Most of timeseries model (like **AR, MA, ARIMA**) works on assumption of Stationarity, which makes it easier to predict future values, estimate model parameters, and perform statistical tests. By transforming non-stationary data into a stationary form, analysts can apply a broader range of statistical tools and achieve more reliable results.

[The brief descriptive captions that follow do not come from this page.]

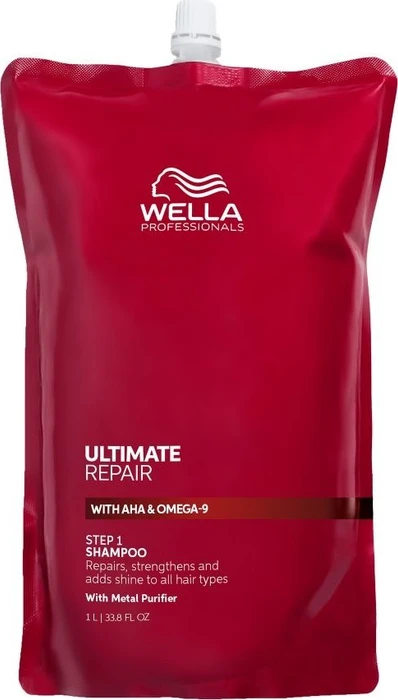 Wella Ultimate Repair Shampoo Refill, 1l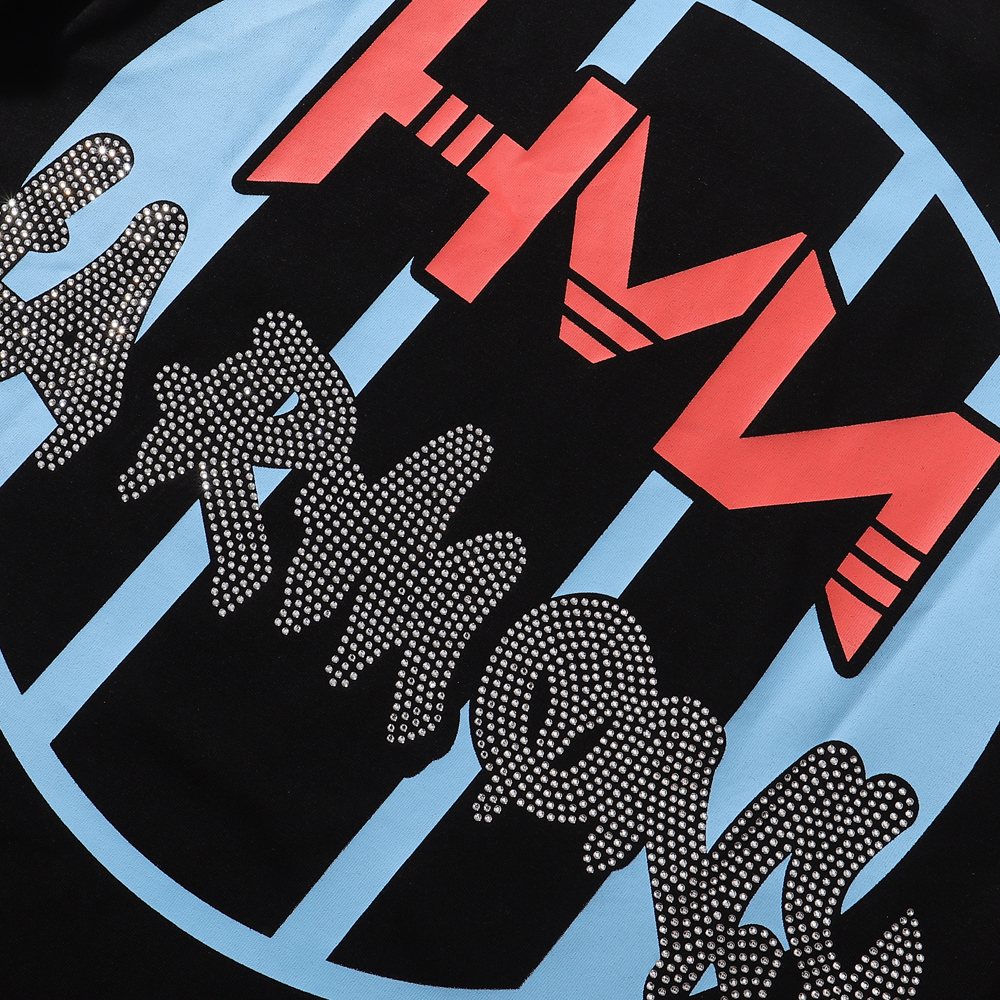 HARMONY Sunglasses Skull Graphic T-Shirt ¡ª detail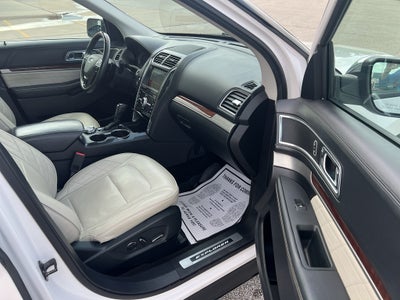 2018 Ford Explorer Platinum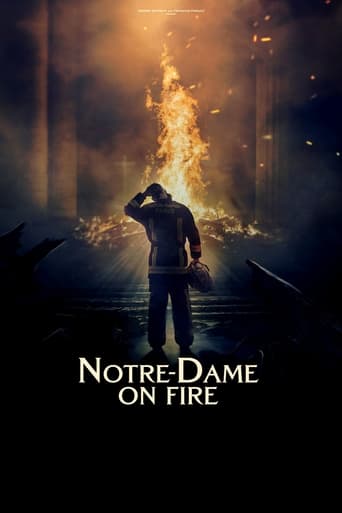 دانلود فیلم Notre-Dame on Fire 2022 (نوتردام در حال سوختن)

To check stationarity of timeseries we will use Augmanted Dickey-Duller test with 5% significance level as threshold.

In [None]:
# Import ACF/PACF plotting modules
from statsmodels.graphics.tsaplots import plot_acf, plot_pacf

# Import Dickey-Fuller test
from statsmodels.tsa.stattools import adfuller

In [None]:
#@title Print Dickey-Fuller test insights
def adf_test(dataset):
   pvalue = adfuller(dataset)[1]
   if pvalue <= 0.05:
      print('is stationary', end='.')
   else:
      print('is not stationary', end='.')
   print(f'\tp-value is {pvalue}')
for code in language.columns:
  print(f'Time series for "{code}" pages ', end='')
  adf_test(language[code])

### **Decomposition**

In [None]:
import statsmodels.api as sm
def decompose(series, model_type='additive'):
  decomposition = sm.tsa.seasonal_decompose(series, model=model_type)
  return decomposition.plot()

In [None]:
language.columns

In [None]:
# Decomposition for German
model_type='additive'
decompose(language.de, model_type=model_type).show()

In [None]:
# Decomposition for English
model_type='additive'
decompose(language.en, model_type=model_type).show()

In [None]:
# Decomposition for Spanish
model_type='additive'
decompose(language.es, model_type=model_type).show()

In [None]:
# Decomposition for French
model_type='additive'
decompose(language.fr, model_type=model_type).show()

In [None]:
# Decomposition for Japanese
model_type='additive'
decompose(language.ja, model_type=model_type).show()

In [None]:
# Decomposition for Russian
model_type='additive'
decompose(language.ru, model_type=model_type).show()

In [None]:
# Decomposition for Chinese
model_type='additive'
decompose(language.zh, model_type=model_type).show()

## 9. De-trending and de-seasoning

### De-trending

In [None]:
#@title For detrending we will use differencing by 1 for once and check with Dickey-Fuller test. And do further differencing if there is non-stationarity in data.
language_detrend = language.copy()
difference_order = [1,1,0,0,1,0,1]

for code,d in list(zip(language.columns,difference_order)):
  if d>0:
    language_detrend[code] = language[code].diff(d)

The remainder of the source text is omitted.